Oliver Postgate and the Guild Socialist tradition
Oliver Postgate has died. There is an
excellent obituary by Philip Purser in today's
Guardian.
As Philip Purser points out, Oliver Postgate was born into the British left. His father,
Raymond Postgate, was a Communist in the early 1920s, before he wised up, mellowed, gently expanded and edited the
Good Food Guide. Oliver's auntie,
Margaret Postgate, married
G.D.H. Cole, the one twentieth century British socialist who managed to be somehow quintessentially Fabian and anti-Fabian at the same time. All three were active in the
Guild Socialist movement of the 1910s and early 1920s.
One of the great treats of parenthood is having an iron-clad excuse for revisiting one's childhood loves - or what one now imagines them to have been. And Oliver Postgate's
corpus is high up there amongst the things I have been busily revisiting with my son over the past two or three years. We have the DVDs of
Ivor the Engine,
The Clangers and
Bagpuss. We have a couple of
Noggin the Nog books.
Is there any connection between these classic children's TV programs and the sort of radical milieu which Oliver Postgate grew up in?

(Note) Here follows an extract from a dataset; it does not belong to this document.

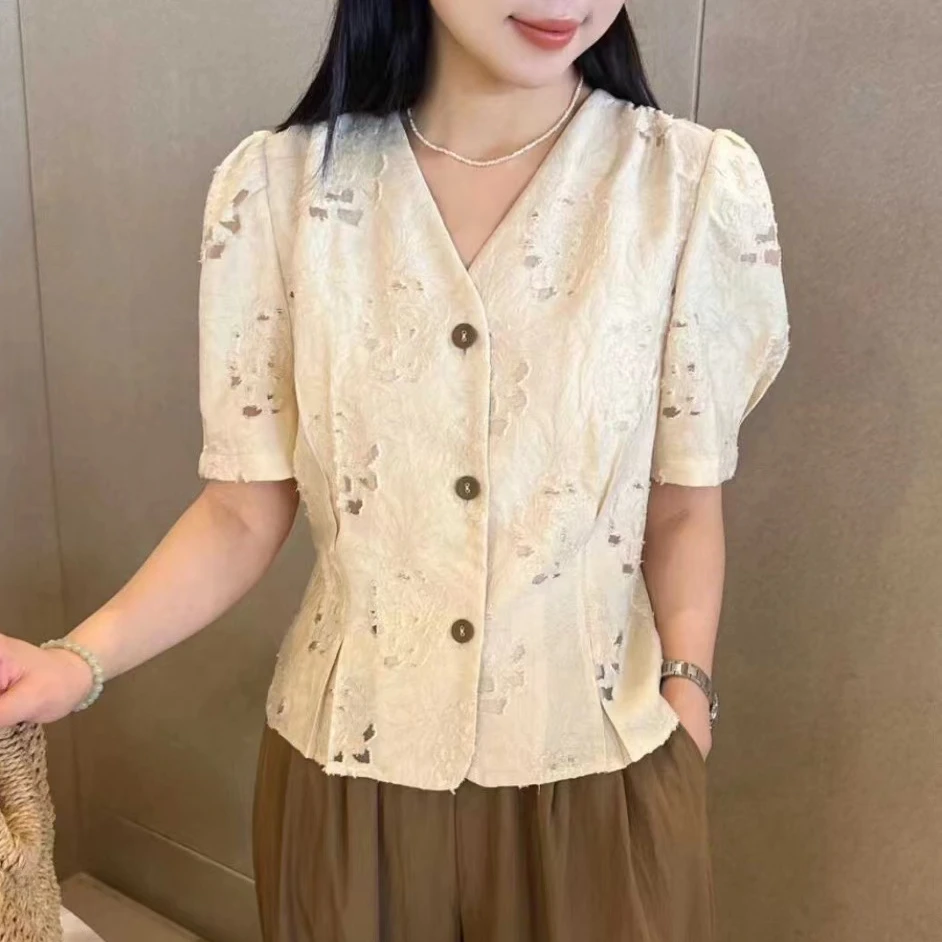 【高端定制】2025夏季新款气质V领镂空短袖设计感时尚显瘦女衬衫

Philip Purser suggests as much, and Zoe Williams
explores the point further. I agree. The programs and books have a definite ethos, without ever being preachy.
In
Ivor the Engine, the characters are defined by their jobs ('Jones the Steam', 'Dai Station') and, although capitalist relations of production are there in the background, they clearly see their jobs in terms of simple good service to the community, rather like the imaginary good citizens of a Guild Socialist utopia. The community itself is a strong, but benevolent, force.